America is at war. But this new conflict isn’t over land, and it doesn’t involve bombs or guns. This is a tech war, which will establish whether the United States or China will lead the world economy and its technological innovation.

Whether America is winning or losing is the source of debate in business and policy circles, but China has undoubtedly made extraordinary strides.

America is lagging China in many areas of tech that will shape the future. Thankfully, we retain a dominant advantage in one major area: biotech. But Congress is threatening to destroy this critical sector, and America’s clear advantage.

China is the undisputed leader in artificial intelligence, dominating fields such as voice and facial recognition software. It also leads in next-generation energy technologies.

China is years ahead of America when it comes to 5G infrastructure. In 2020, China accounted for 87 percent of global 5G connections, and the average 5G speeds in the People’s Republic were five times faster than typical U.S. speeds.

America is even falling behind in the semiconductor industry it has dominated since the birth of the Information Age. China is close to overtaking the United States in both semiconductor fabrication and chip design.

Members of the U.S. Senate demonstrated they understand America has fallen behind in the tech war when they passed the U.S. Innovation and Competition Act (USICA).

If signed into law, the bill will pour $110 billion into supercharging America’s research in tech fields — including artificial intelligence, semiconductors, quantum computing and more. The injection of tax dollars to spur research and development in high-tech industries will be particularly helpful to startups and small companies crucial to closing the tech gap with China.

Small businesses are already responsible for almost half of the high-tech jobs in America. That number should get a boost if USICA passes, providing needed resources and support for our businesses in order to respond to China’s aggressive efforts.

Unfortunately, at the same time Capitol Hill lawmakers are working to compete with China by boosting small innovative businesses, they are also pushing initiatives that would undermine this smart work. If adopted, certain provisions in the House version of the Build Back Better Act will suffocate the U.S. biotech industry.

While the United States is falling behind China’s 5G technology, green energy production, AI development and large swaths of the microchip industry, America has always led the way when it comes to biopharmaceuticals.

No country in history is responsible for more innovative, lifesaving medicines and medical treatments than the United States.
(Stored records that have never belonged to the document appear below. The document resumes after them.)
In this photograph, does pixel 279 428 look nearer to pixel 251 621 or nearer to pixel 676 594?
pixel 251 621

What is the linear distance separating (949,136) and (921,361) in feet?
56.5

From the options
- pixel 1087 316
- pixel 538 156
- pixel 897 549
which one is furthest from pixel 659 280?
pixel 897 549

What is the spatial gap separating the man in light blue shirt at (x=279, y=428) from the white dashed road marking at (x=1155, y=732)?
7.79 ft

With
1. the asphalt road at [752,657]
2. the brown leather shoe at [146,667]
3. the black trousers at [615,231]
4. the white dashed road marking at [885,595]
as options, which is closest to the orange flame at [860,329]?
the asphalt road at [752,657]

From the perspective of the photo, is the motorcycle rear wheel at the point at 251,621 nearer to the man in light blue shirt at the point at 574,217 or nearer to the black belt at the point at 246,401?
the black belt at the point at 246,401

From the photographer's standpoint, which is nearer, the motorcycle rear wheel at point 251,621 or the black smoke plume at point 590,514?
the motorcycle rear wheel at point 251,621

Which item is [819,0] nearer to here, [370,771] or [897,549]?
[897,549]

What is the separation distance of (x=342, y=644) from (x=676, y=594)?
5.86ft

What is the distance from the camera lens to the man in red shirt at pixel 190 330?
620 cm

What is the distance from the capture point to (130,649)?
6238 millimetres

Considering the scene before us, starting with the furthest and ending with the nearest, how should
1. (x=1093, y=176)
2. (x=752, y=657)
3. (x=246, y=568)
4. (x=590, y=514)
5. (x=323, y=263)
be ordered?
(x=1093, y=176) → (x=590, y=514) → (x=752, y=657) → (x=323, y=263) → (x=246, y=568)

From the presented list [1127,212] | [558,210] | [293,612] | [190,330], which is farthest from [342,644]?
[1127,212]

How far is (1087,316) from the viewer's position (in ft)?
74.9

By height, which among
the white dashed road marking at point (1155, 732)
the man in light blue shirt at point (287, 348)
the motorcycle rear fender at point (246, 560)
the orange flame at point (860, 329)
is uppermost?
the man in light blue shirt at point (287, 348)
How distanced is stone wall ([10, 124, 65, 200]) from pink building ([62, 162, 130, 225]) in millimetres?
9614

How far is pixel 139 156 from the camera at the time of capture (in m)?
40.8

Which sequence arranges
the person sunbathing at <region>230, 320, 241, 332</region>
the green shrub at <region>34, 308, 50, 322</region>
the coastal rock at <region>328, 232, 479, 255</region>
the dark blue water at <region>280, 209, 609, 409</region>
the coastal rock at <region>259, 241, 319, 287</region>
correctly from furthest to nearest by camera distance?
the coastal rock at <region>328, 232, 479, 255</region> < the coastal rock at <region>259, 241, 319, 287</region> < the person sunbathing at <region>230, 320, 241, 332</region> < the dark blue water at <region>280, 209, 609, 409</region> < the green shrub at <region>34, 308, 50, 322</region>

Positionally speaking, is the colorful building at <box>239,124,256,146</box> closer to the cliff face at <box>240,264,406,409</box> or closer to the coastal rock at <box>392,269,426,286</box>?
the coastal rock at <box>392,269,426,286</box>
That remains true today. America creates about two-thirds of all drugs introduced each year.

The House version of the Build Back Better Act would cap prescription drug prices at an artificially low price decided by government bureaucrats. If the Senate adopts this price control provision, American biotech and pharmaceutical companies would lose more than $1 trillion over the next decade.

Small life-science companies are particularly at risk from the policy.
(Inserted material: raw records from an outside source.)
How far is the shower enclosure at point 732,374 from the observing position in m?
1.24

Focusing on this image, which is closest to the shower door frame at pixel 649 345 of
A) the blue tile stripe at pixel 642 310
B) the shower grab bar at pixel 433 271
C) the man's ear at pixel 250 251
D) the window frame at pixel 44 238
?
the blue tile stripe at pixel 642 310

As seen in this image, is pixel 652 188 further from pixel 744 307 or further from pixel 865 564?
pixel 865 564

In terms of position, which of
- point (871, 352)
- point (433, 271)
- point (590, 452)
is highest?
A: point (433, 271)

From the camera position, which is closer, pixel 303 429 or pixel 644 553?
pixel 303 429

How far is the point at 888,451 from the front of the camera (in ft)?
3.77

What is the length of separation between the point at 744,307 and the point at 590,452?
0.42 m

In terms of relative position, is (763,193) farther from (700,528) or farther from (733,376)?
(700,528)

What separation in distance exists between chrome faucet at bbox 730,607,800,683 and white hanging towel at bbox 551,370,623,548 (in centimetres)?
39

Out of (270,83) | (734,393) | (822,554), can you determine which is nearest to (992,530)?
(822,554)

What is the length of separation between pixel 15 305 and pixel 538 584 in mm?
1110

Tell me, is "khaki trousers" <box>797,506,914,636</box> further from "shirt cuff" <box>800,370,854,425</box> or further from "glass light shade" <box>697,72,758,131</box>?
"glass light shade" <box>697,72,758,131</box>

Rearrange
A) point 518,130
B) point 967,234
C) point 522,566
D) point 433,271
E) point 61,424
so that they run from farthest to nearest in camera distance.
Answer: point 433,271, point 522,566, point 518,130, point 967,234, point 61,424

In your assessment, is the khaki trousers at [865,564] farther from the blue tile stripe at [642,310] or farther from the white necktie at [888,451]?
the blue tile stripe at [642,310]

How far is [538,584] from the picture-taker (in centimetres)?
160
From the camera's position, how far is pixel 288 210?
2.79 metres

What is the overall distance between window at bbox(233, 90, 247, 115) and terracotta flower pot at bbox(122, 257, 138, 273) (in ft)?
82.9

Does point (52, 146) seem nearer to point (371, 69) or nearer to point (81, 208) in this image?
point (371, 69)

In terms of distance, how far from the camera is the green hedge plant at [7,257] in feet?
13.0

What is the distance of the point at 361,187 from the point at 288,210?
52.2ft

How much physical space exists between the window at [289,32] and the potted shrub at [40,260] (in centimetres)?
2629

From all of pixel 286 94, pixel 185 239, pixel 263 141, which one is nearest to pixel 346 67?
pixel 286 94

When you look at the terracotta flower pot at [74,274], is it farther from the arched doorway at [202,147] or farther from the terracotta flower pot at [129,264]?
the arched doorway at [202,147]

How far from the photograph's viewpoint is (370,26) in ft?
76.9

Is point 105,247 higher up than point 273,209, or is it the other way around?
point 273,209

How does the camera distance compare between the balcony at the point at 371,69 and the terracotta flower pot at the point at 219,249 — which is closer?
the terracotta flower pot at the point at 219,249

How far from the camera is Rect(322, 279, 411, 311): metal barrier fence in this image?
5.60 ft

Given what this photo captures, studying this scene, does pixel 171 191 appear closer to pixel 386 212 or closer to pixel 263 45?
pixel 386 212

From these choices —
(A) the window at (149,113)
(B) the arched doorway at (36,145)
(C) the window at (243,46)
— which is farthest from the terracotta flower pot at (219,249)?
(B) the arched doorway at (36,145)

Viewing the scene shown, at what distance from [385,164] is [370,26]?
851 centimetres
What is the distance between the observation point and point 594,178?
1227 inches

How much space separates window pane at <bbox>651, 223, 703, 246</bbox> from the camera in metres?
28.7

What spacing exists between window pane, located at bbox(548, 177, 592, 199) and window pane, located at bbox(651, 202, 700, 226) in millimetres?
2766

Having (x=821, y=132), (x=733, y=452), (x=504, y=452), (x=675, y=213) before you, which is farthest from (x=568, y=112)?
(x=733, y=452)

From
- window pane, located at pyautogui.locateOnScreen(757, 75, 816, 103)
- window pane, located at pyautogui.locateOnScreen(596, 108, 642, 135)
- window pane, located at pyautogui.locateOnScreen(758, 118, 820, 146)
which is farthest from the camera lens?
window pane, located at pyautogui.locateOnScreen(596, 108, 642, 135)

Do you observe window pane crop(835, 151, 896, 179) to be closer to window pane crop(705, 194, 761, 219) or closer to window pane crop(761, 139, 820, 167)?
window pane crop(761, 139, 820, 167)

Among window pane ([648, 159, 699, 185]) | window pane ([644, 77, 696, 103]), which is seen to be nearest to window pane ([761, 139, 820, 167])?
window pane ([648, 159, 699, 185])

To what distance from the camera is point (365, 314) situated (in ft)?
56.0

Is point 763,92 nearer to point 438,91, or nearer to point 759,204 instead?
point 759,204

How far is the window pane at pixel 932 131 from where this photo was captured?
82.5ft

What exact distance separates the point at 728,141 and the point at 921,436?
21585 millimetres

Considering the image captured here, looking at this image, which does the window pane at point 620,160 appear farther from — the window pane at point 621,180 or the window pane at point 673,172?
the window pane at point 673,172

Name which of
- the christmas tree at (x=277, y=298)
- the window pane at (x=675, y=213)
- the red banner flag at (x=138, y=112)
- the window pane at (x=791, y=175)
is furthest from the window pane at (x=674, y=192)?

With almost no way to recoup their investments, angel investors and venture capital firms would stop pouring resources into young or small biotech businesses, essentially killing off nearly all American companies responsible for developing the most revolutionary new treatments.

As a result, some medicines would never be developed, and many lives would be needlessly lost. China would rush to fill the giant void left by a dramatic decline in biomedical R&D spending to become the global leader in the biotech space, but the supply and quality of innovative and lifesaving drugs may suffer.

The Senate is doing the right thing by encouraging America’s high-tech sectors through the U.S. Innovation and Competition Act. But lawmakers would be undermining that effort if they pass the Build Back Better Act’s price controls on medicines.

Winning the tech war against China is vital for America’s future — and the future of free markets, human rights and liberty. But we cannot defeat China if our own elected officials take away the most important advantage America has.